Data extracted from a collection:
▬▬▬
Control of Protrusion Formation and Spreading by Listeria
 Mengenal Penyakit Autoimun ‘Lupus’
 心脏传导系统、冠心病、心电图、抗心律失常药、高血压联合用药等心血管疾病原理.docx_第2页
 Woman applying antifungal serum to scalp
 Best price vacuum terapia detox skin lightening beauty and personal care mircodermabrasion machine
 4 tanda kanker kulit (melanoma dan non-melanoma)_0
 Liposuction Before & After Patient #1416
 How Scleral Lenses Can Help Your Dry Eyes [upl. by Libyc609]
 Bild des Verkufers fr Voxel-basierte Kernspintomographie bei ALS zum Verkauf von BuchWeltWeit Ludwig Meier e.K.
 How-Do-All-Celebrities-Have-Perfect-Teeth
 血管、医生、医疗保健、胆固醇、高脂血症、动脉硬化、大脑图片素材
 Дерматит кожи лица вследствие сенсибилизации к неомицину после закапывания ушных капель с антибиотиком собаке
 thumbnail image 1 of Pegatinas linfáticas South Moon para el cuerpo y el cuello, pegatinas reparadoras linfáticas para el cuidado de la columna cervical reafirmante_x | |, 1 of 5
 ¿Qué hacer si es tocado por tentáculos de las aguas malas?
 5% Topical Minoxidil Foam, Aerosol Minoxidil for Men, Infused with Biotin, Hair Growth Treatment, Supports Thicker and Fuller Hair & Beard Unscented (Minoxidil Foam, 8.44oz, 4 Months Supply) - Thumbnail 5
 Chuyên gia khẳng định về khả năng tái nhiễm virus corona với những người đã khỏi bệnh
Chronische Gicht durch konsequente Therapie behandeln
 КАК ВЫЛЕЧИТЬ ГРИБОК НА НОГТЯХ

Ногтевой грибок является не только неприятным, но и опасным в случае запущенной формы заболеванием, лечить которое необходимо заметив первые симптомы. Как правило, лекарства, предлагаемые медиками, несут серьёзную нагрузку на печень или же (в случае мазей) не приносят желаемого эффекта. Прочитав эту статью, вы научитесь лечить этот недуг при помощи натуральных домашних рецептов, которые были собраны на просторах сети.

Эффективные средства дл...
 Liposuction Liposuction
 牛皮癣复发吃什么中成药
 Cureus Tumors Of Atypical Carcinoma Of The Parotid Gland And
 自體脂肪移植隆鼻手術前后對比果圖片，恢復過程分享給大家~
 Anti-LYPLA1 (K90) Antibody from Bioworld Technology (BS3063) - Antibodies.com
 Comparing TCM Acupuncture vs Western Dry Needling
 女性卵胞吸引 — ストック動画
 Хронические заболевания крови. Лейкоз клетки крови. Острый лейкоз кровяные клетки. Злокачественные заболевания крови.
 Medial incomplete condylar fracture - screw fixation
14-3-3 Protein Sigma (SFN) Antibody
▬▬▬
→ EXERCISE DIRECTIONS
Every line above is to be transcribed exactly, with nothing dropped.

→ SOLUTION BELOW
Control of Protrusion Formation and Spreading by Listeria
 Mengenal Penyakit Autoimun ‘Lupus’
 心脏传导系统、冠心病、心电图、抗心律失常药、高血压联合用药等心血管疾病原理.docx_第2页
 Woman applying antifungal serum to scalp
 Best price vacuum terapia detox skin lightening beauty and personal care mircodermabrasion machine
 4 tanda kanker kulit (melanoma dan non-melanoma)_0
 Liposuction Before & After Patient #1416
 How Scleral Lenses Can Help Your Dry Eyes [upl. by Libyc609]
 Bild des Verkufers fr Voxel-basierte Kernspintomographie bei ALS zum Verkauf von BuchWeltWeit Ludwig Meier e.K.
 How-Do-All-Celebrities-Have-Perfect-Teeth
 血管、医生、医疗保健、胆固醇、高脂血症、动脉硬化、大脑图片素材
 Дерматит кожи лица вследствие сенсибилизации к неомицину после закапывания ушных капель с антибиотиком собаке
 thumbnail image 1 of Pegatinas linfáticas South Moon para el cuerpo y el cuello, pegatinas reparadoras linfáticas para el cuidado de la columna cervical reafirmante_x | |, 1 of 5
 ¿Qué hacer si es tocado por tentáculos de las aguas malas?
 5% Topical Minoxidil Foam, Aerosol Minoxidil for Men, Infused with Biotin, Hair Growth Treatment, Supports Thicker and Fuller Hair & Beard Unscented (Minoxidil Foam, 8.44oz, 4 Months Supply) - Thumbnail 5
 Chuyên gia khẳng định về khả năng tái nhiễm virus corona với những người đã khỏi bệnh
Chronische Gicht durch konsequente Therapie behandeln
 КАК ВЫЛЕЧИТЬ ГРИБОК НА НОГТЯХ

Ногтевой грибок является не только неприятным, но и опасным в случае запущенной формы заболеванием, лечить которое необходимо заметив первые симптомы. Как правило, лекарства, предлагаемые медиками, несут серьёзную нагрузку на печень или же (в случае мазей) не приносят желаемого эффекта. Прочитав эту статью, вы научитесь лечить этот недуг при помощи натуральных домашних рецептов, которые были собраны на просторах сети.

Эффективные средства дл...
 Liposuction Liposuction
 牛皮癣复发吃什么中成药
 Cureus Tumors Of Atypical Carcinoma Of The Parotid Gland And
 自體脂肪移植隆鼻手術前后對比果圖片，恢復過程分享給大家~
 Anti-LYPLA1 (K90) Antibody from Bioworld Technology (BS3063) - Antibodies.com
 Comparing TCM Acupuncture vs Western Dry Needling
 女性卵胞吸引 — ストック動画
 Хронические заболевания крови. Лейкоз клетки крови. Острый лейкоз кровяные клетки. Злокачественные заболевания крови.
 Medial incomplete condylar fracture - screw fixation
14-3-3 Protein Sigma (SFN) Antibody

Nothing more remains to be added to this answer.